TASK OBJECTIVE :: Pictures in the material below are to be left out, and only the lines from the line with "Tab. 4.1  Croissance" up to and including the line with "Adidas 3S Shiny" are to be written out exactly.

PROVIDED DATA ::
Content starts

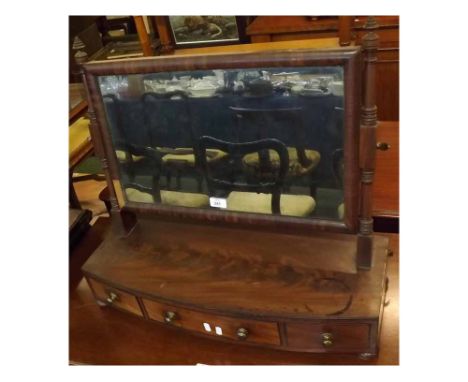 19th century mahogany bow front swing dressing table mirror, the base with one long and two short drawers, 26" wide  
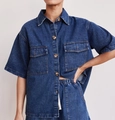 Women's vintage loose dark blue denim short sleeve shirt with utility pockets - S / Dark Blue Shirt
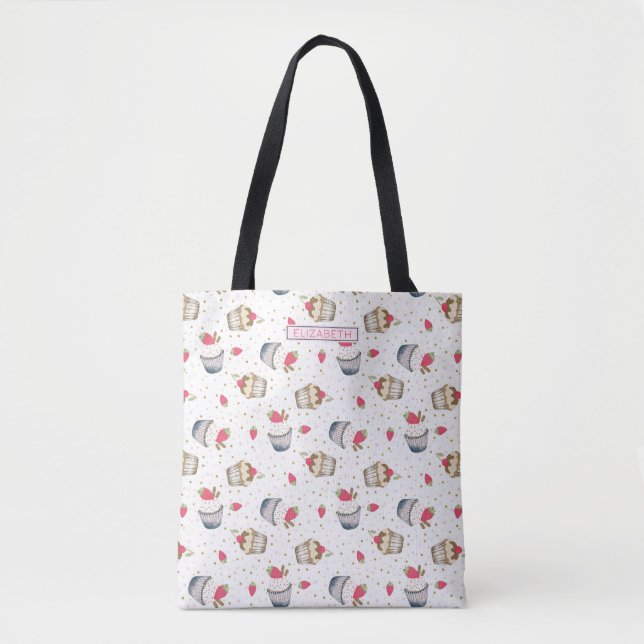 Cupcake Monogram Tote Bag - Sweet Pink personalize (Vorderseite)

Content ends
Content starts

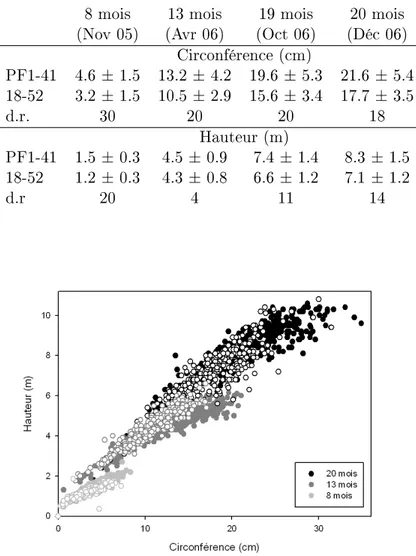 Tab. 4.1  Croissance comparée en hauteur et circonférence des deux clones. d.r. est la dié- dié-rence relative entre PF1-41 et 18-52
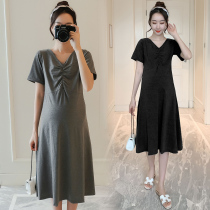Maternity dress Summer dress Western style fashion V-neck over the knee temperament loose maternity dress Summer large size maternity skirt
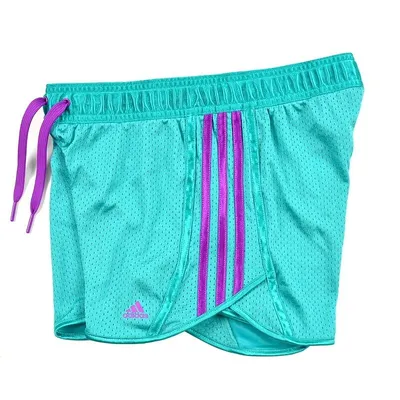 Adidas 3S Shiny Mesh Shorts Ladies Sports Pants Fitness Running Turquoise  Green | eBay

Content ends

EXERCISE OUTPUT ::
 Tab. 4.1  Croissance comparée en hauteur et circonférence des deux clones. d.r. est la dié- dié-rence relative entre PF1-41 et 18-52
Maternity dress Summer dress Western style fashion V-neck over the knee temperament loose maternity dress Summer large size maternity skirt
 Adidas 3S Shiny Mesh Shorts Ladies Sports Pants Fitness Running Turquoise  Green | eBay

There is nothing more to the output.